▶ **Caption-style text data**
★ ★ ★

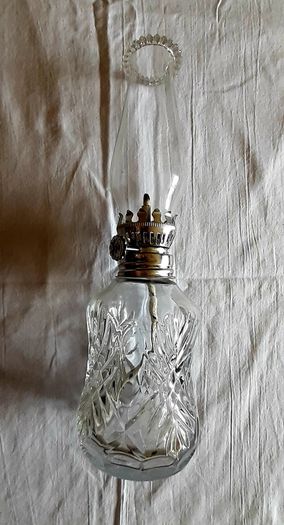 Glass oil burner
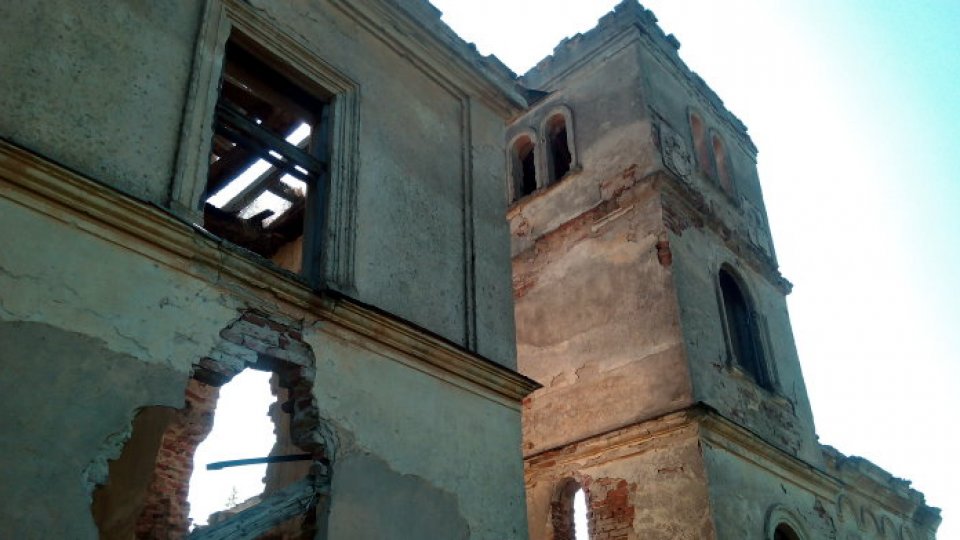 Județul Neamț: Monument istoric deosebit stă să se prăbuşescă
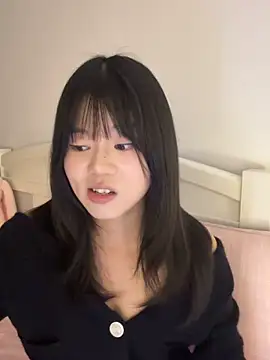 Snapshot of Ella-A9 chatting on October 13, 4:42 pm Ella-A9 online show from October 13, 4:42 pm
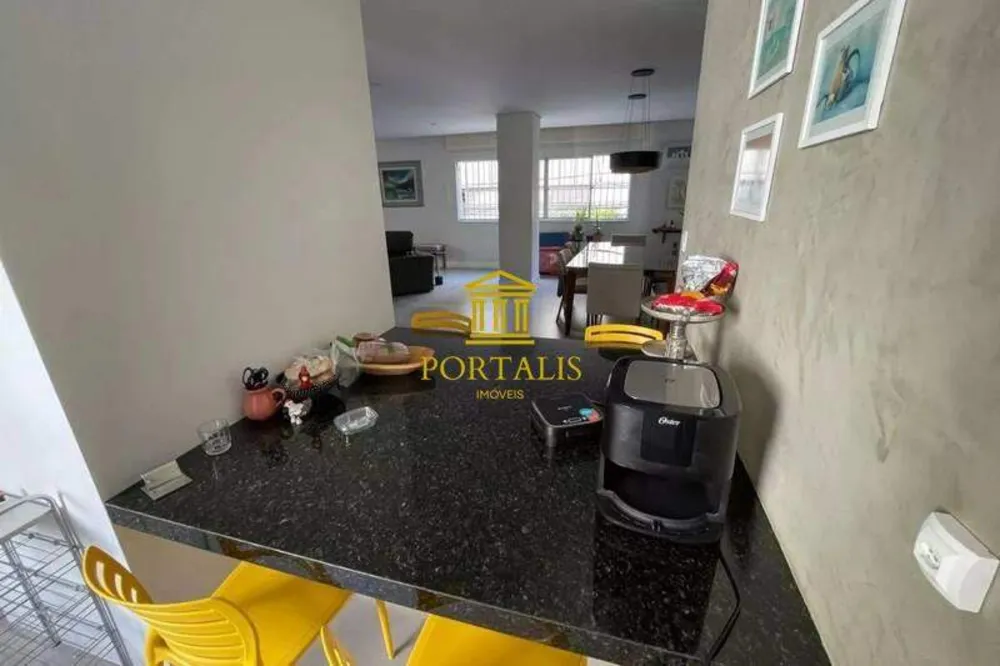 Apartamento, 3 quartos, 159 m² - Foto 2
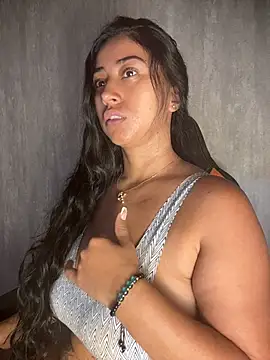 Snapshot of Valentinne_z chatting on March 19, 11:03 am Valentinne z online show from March 19, 11:03 am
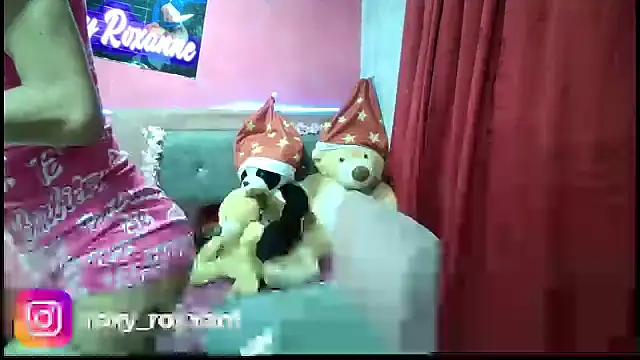 Snapshot of roxy_roxxan chatting on 12.15.24 roxy roxxan online show from 12.15.24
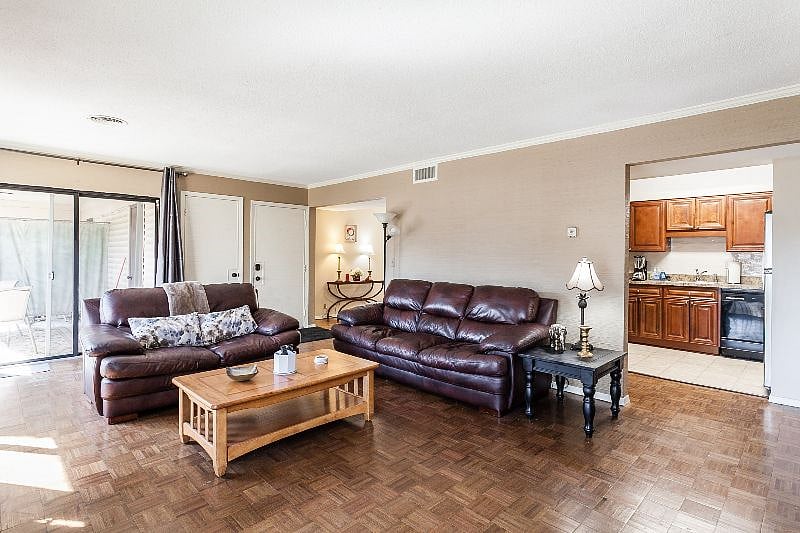 Furnished Finder property 400282_1 photo 3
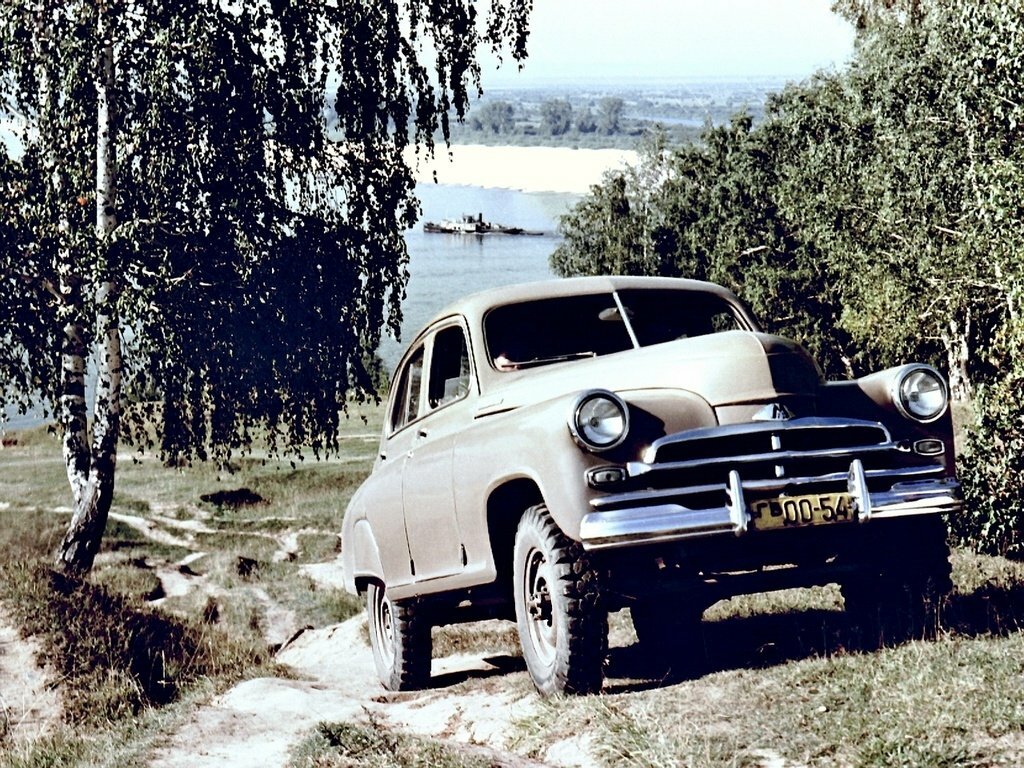 Спереди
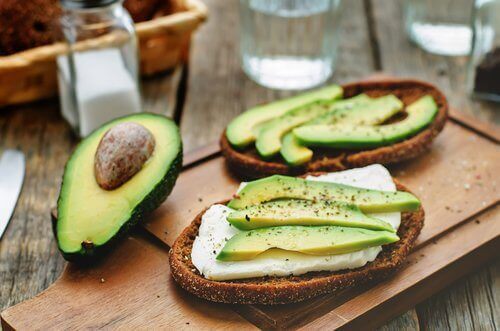 Avokado och ost på rostat bröd ger dig nyttiga fetter.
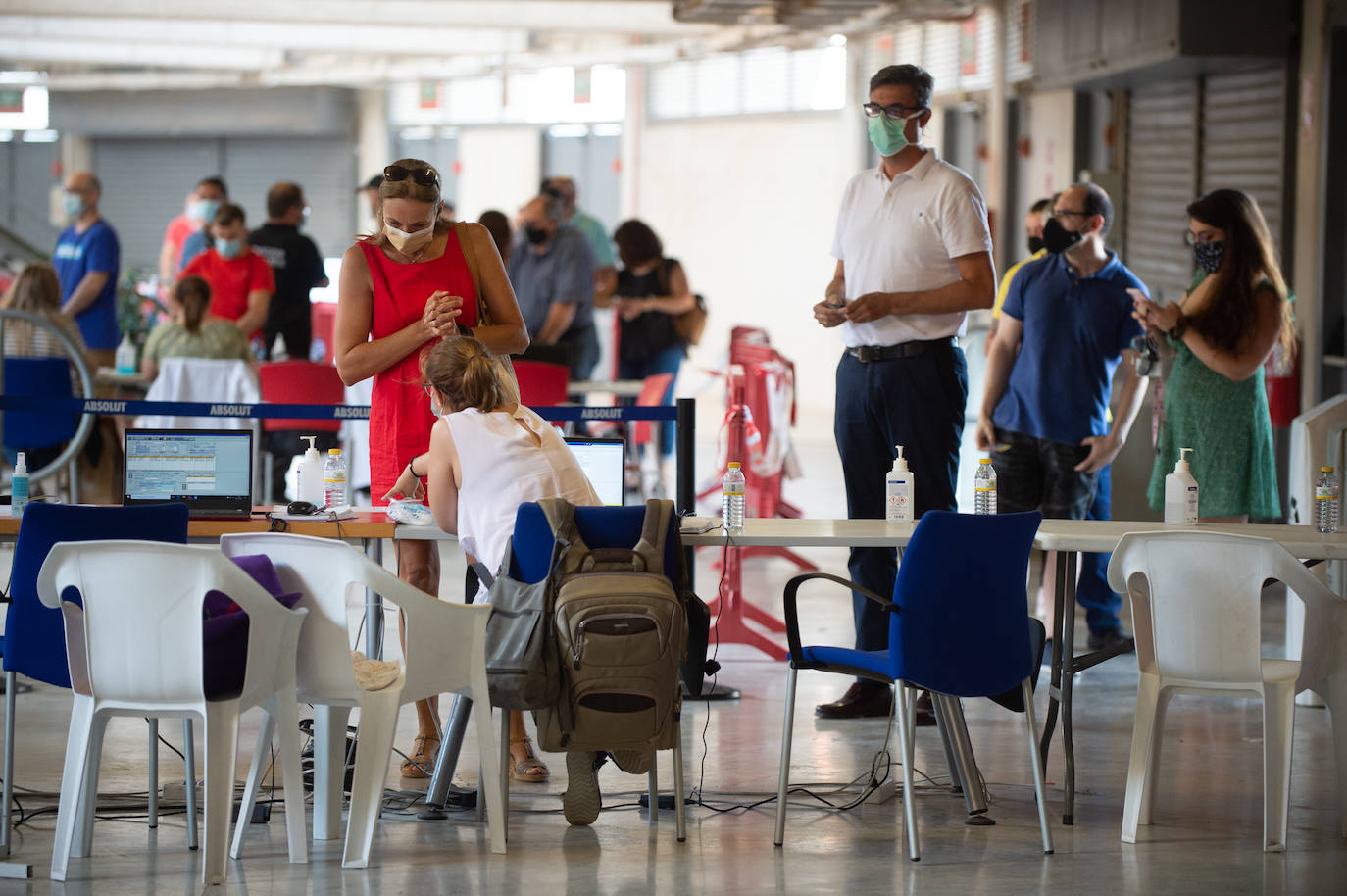 Fotos: Los Erasmus se vacunan este martes en el Enrique Roca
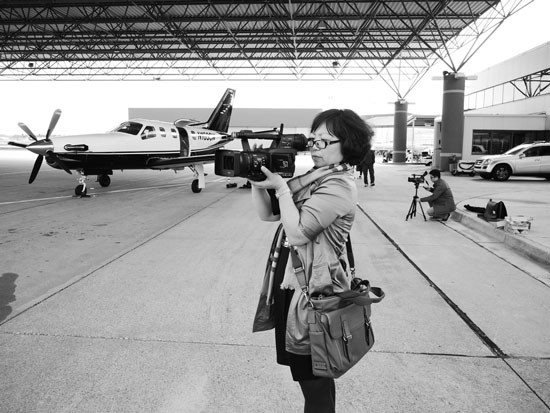 河南電視臺(tái)都市頻道報(bào)道部主管時(shí)舜英拍攝孟菲斯國際機(jī)場(chǎng)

★ ★ ★

▶ **Exercise instructions**
Could you repeat all of the entries exactly, without the pictures?

▶ **Response box**
 Glass oil burner
 Județul Neamț: Monument istoric deosebit stă să se prăbuşescă
 Snapshot of Ella-A9 chatting on October 13, 4:42 pm Ella-A9 online show from October 13, 4:42 pm
 Apartamento, 3 quartos, 159 m² - Foto 2
 Snapshot of Valentinne_z chatting on March 19, 11:03 am Valentinne z online show from March 19, 11:03 am
 Snapshot of roxy_roxxan chatting on 12.15.24 roxy roxxan online show from 12.15.24
 Furnished Finder property 400282_1 photo 3
 Спереди
 Avokado och ost på rostat bröd ger dig nyttiga fetter.
 Fotos: Los Erasmus se vacunan este martes en el Enrique Roca
 河南電視臺(tái)都市頻道報(bào)道部主管時(shí)舜英拍攝孟菲斯國際機(jī)場(chǎng)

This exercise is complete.